The maps shown here cover the
rest of the century with at least one map per decade.
PENNSYLVANIA, published and printed by the Thos. D.
Murphy Co., Red Oak, Iowa. The map occupies about two-thirds
of the sheet and contains insets of Pittsburgh and
Philadelphia at the top. At the bottom is a 1951 calendar
which is the date used here, although it was probably
printed in 1950 as advertisement for an insurance company
in Lancaster. Main roads are shown with bright red lines,
although this obviously is not a road map. The verso has
a gazetteer with 1950 census. Scale: 1 inch = 15 miles.
Size: 15.5 x 20 inches (map).
GEOLOGIC MAP OF PENNSYLVANIA, published by the
Commonwealth of Pennsylvania, Department of Internal
Affairs, Topographic and Geological Survey, printed by
Williams & Heintz Map Corp., Washington. This is a
small section of a huge map and shows the Allegheny front
in the Altoona region. The colors denote the surface
geological layers. Blank verso. Scale: 1 inch = 4 miles.
Size of complete map 58 x 82 inches.
ALLEGHENY RIVER - CHART NO. 1, a river navigation map
showing a section of the river through Pittsburgh. This
map is from Allegheny & Monongahela Rivers
Naviagtion Charts, published by the Corps of
Engineers, Pittsburgh District 1974, which is a 40 page
set of charts used by river pilots. Of course, this set
is now out of date.
(Southwestern Pennsylvania) This is an infared image
taken from space by the Landsat satellite and published
by the United States government. It is printed on heavy
photographic paper and dates from the mid 1980s. Only
part of the complete image is pictured and shows the
Youghiogheney River in southwest Pennsylvania running
northwest from the Youghiogheney Reservoir to join with
the Monongahela River partially shown at the left edge.
Vegetation appears red in this image and reflective
surfaces in white. The white dots are clouds hung up on
the ridge tops. The dark, splotchy areas are towns; the
one in the center of the image next to the river is
Connellsville.
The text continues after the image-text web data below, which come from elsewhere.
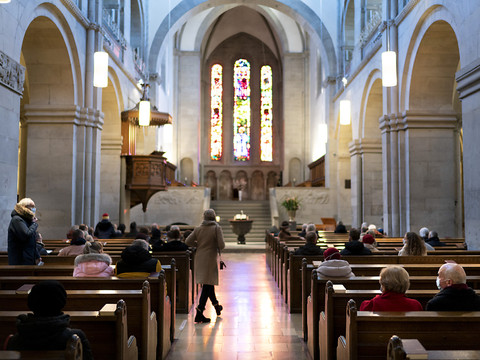 Jamais autant de fidèles n'ont quitté l'Eglise catholique
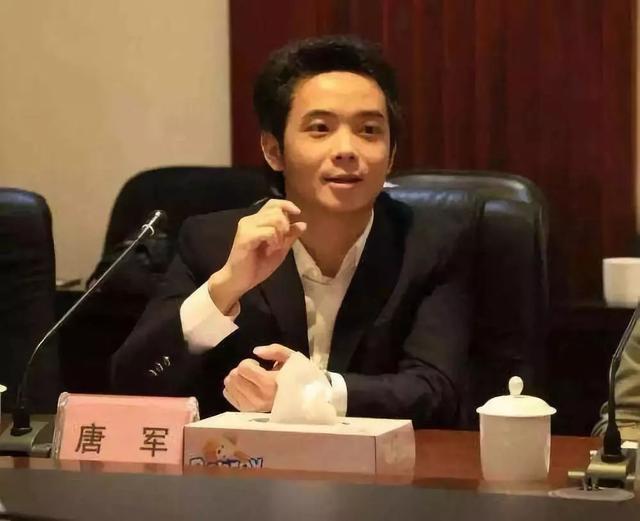 85后富豪投案自首，警方冻结56亿资金，查封飞机2架、房产64套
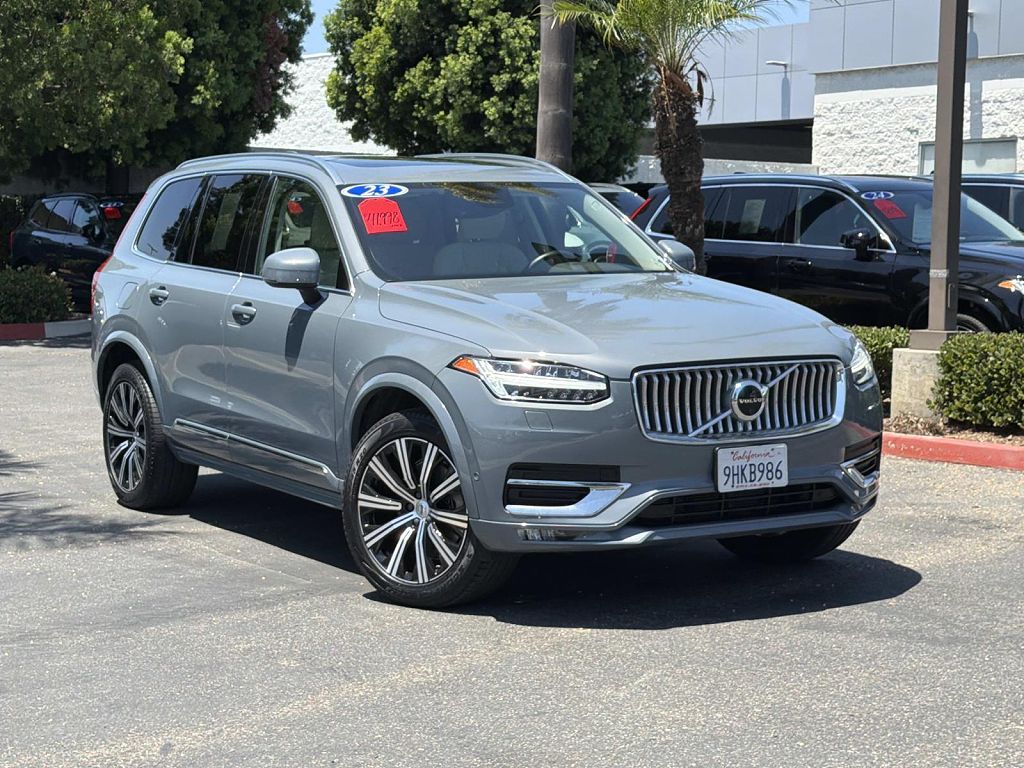 2023 Volvo XC90 B6 AWD Plus 7P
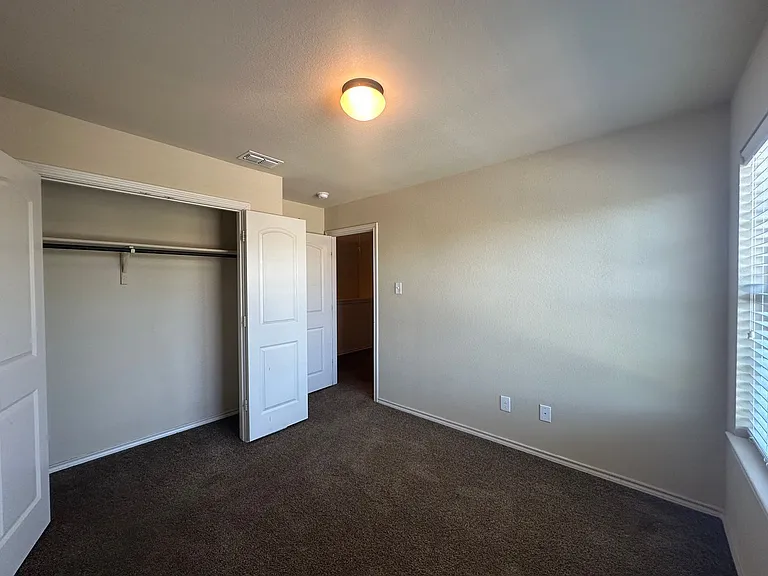 160 Creekside Villa Dr — Photo 19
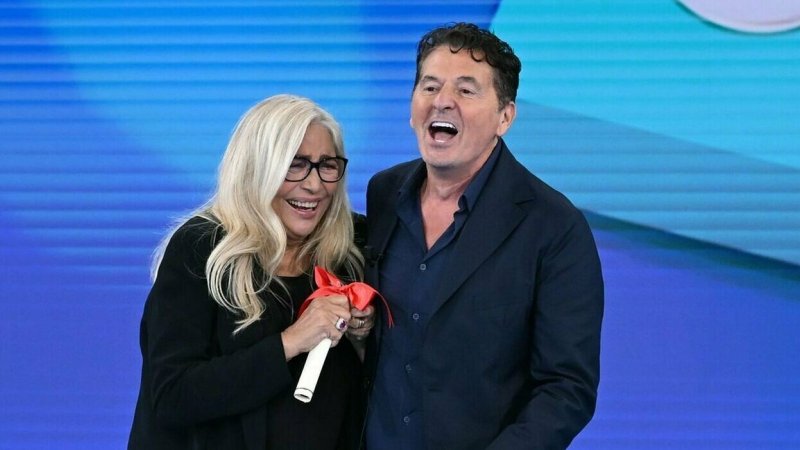 Domenica In ultima puntata su Rai 1: giallo Mammucari e festa finale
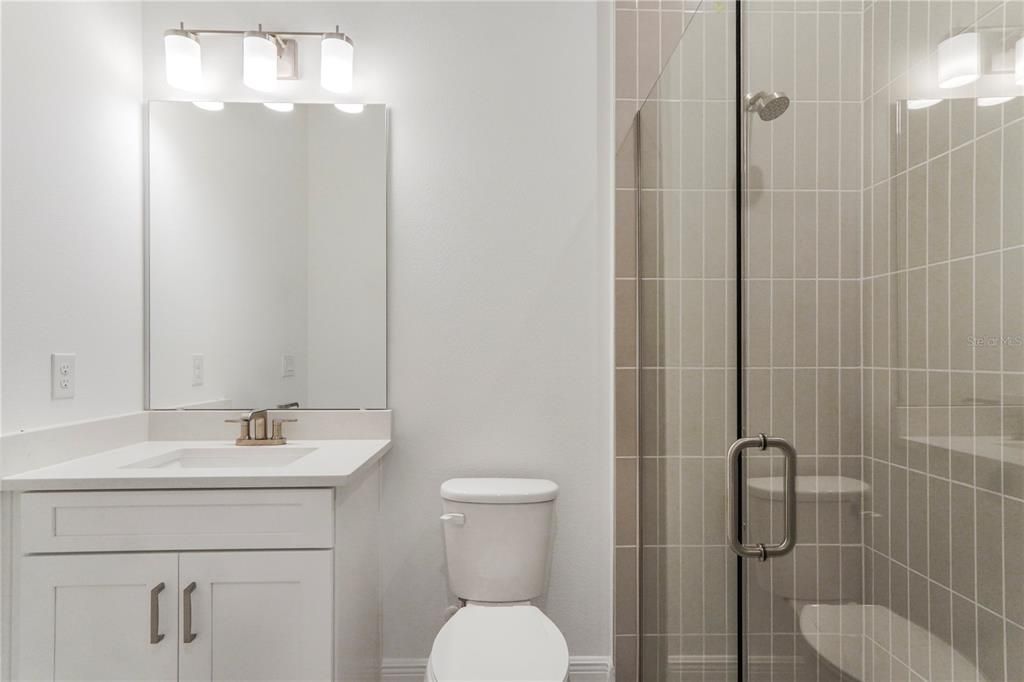 For Rent: $5,850 (5 beds, 4 baths, 3076 Square Feet)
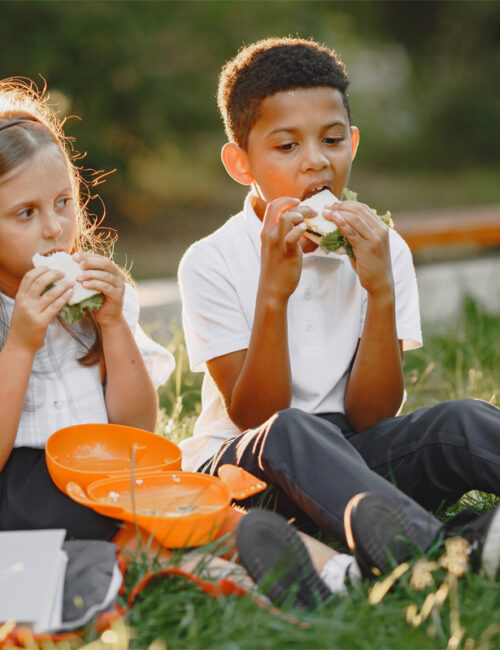 kids-eating-at-park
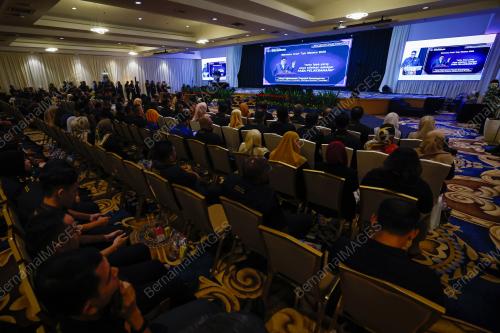DATUK SERI AB RAUF YUSOF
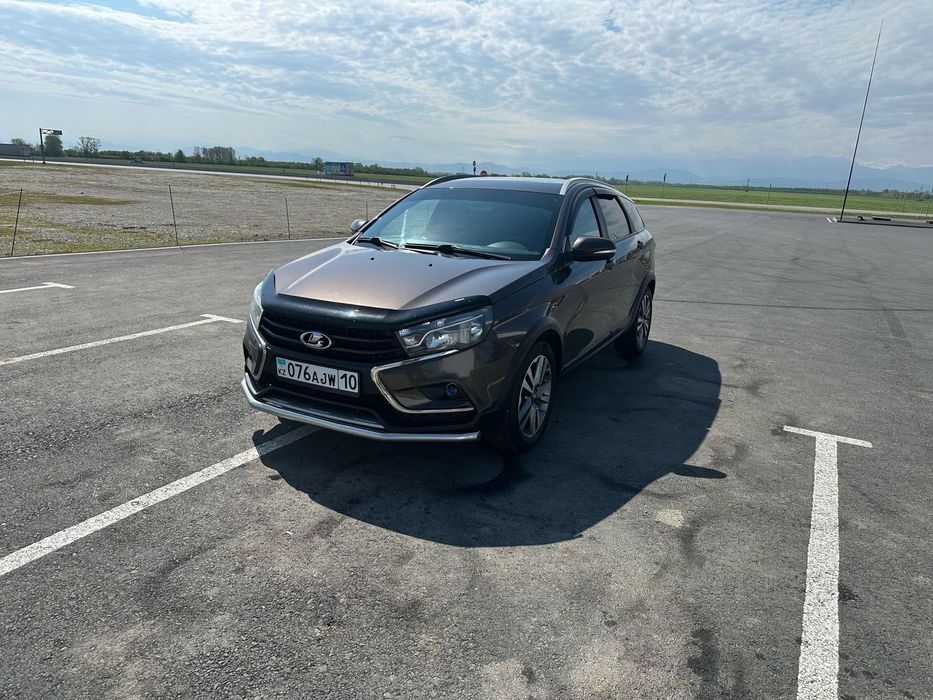 Веста св кросс 2019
Uniontown is slightly south and Greensburg
is at the top of the image. Blank verso. Scale: 1 inch =
4 miles. Size of complete image 24 x 30 inches.
PENNSYLVANIA'S HERITAGE REGIONS, published by the
Pennsylvania Department of Conservation and Natural
Resources . A colorful figurative free map advertising
state tourist attractions with no geographical detail.
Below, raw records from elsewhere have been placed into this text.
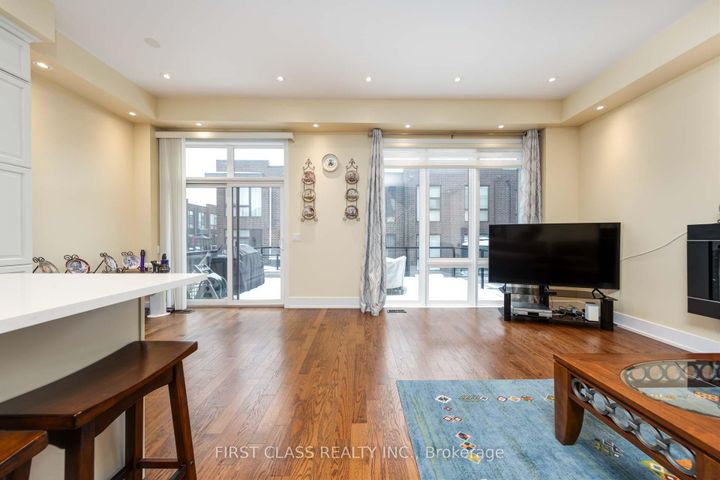 Photo 25 at 4 Allerton Road, Patterson, Vaughan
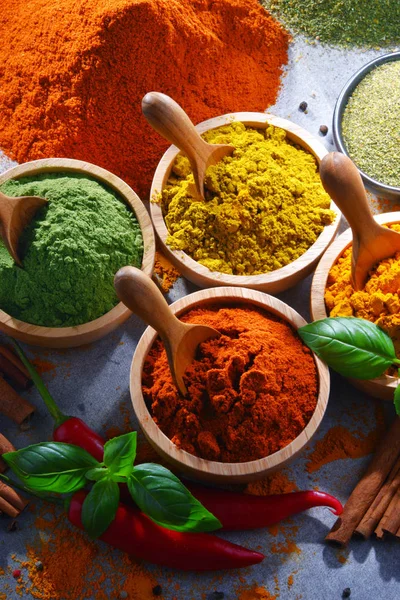 Baharat mutfak masasının üzerinde çeşitli.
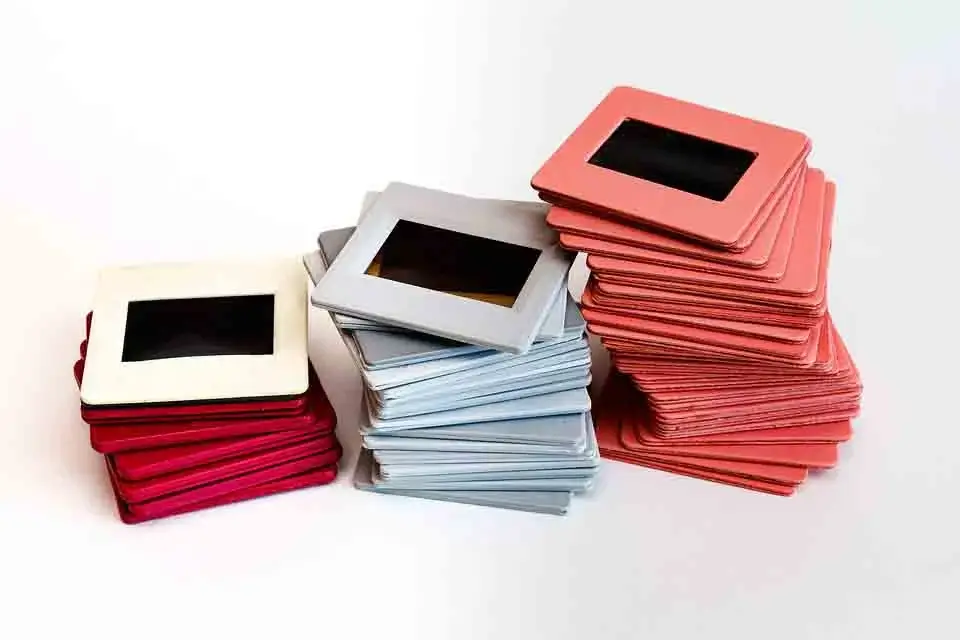 using outdated effects, image editing mistakes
Text on the verso. Scale: 1 inch = 15 miles. Size: 18 x
COMMONWEALTH OF PENNSYLVANIA LAND COVER MAP 66, Interior-Geological
Survey, Reston VA 2000. U. S. Department of the Interior,
U. S. Geological Survey. This map displays types of land
cover using 15 different colors and categories. The major
categories are Developed (reddish), Forested (greenish),
Cultivated (yellowish), Barren (grayish), and Water (bluish).
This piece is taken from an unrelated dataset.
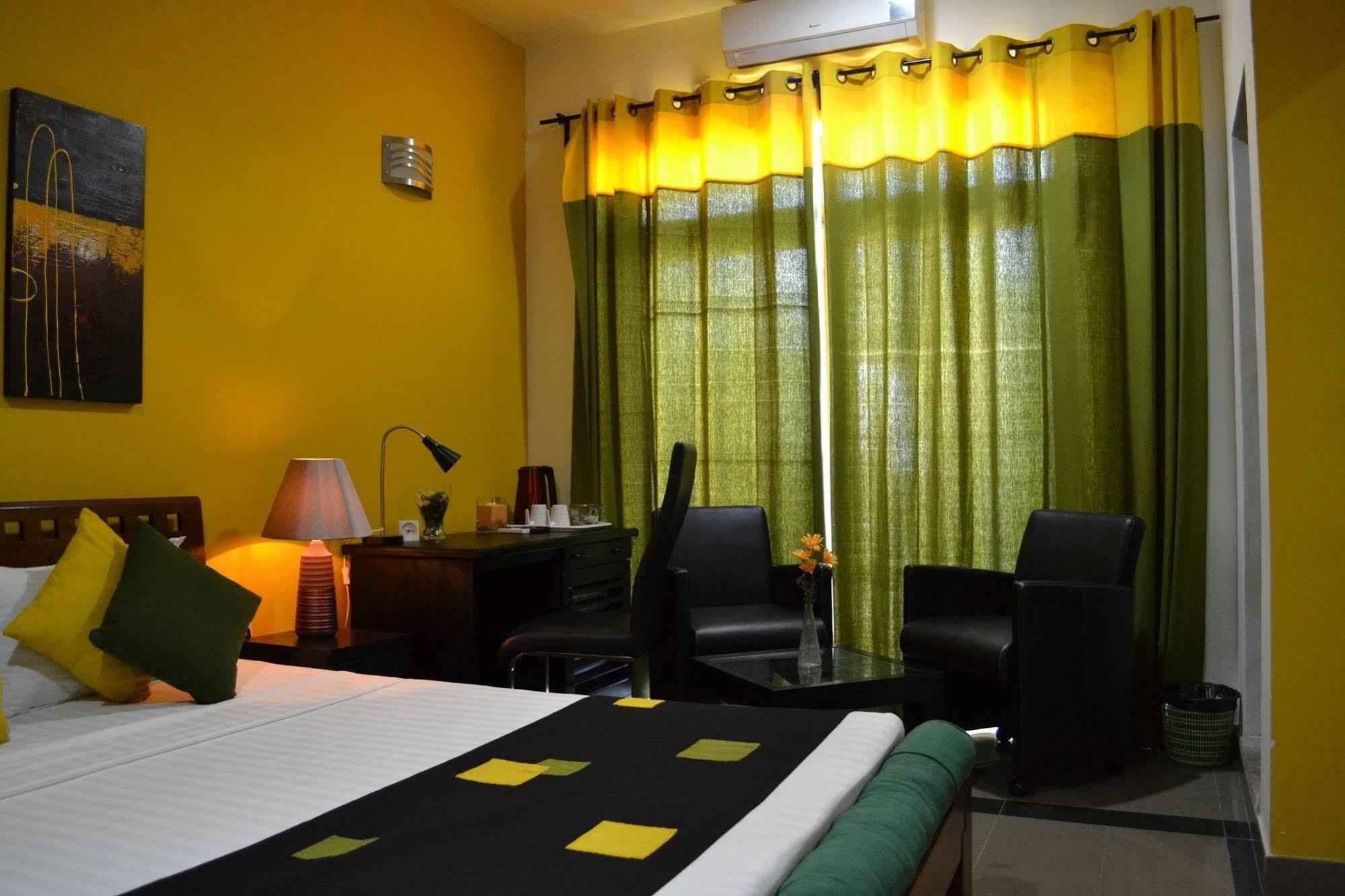Oyo 437 Amali Residence Nugegoda Ngoại thất bức ảnh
It was prepared in partnership with the Pennsylvania
Topographic and Geologic Survey and is available from the
state Department of Conservation and Natural Resources or
from the U. S. government. Only a section around
Pittsburgh from this large and beautiful map is shown
here. Blank verso. Scale: 1 inch = 8 miles. Size: 26 x 40
GEOLOGIC SHADED-RELIEF MAP OF PENNSYLVANIA, compiled by
Christine E. Miles, Interior-Geological Survey, Reston VA
2003. Department of Conservation and Natural Resources,
Bureau of Topographic and Geologic Survey, Pennsylvania.
This is a state map issued jointly with the U. S.
government. It displays types of surface structure using
both color and shaded relief. Streams and outlines of
counties are also shown. This is the latest successor to
Henry Darwin Rogers' classic 1858 geological map. This
map is number 67 and is a companion to the one above.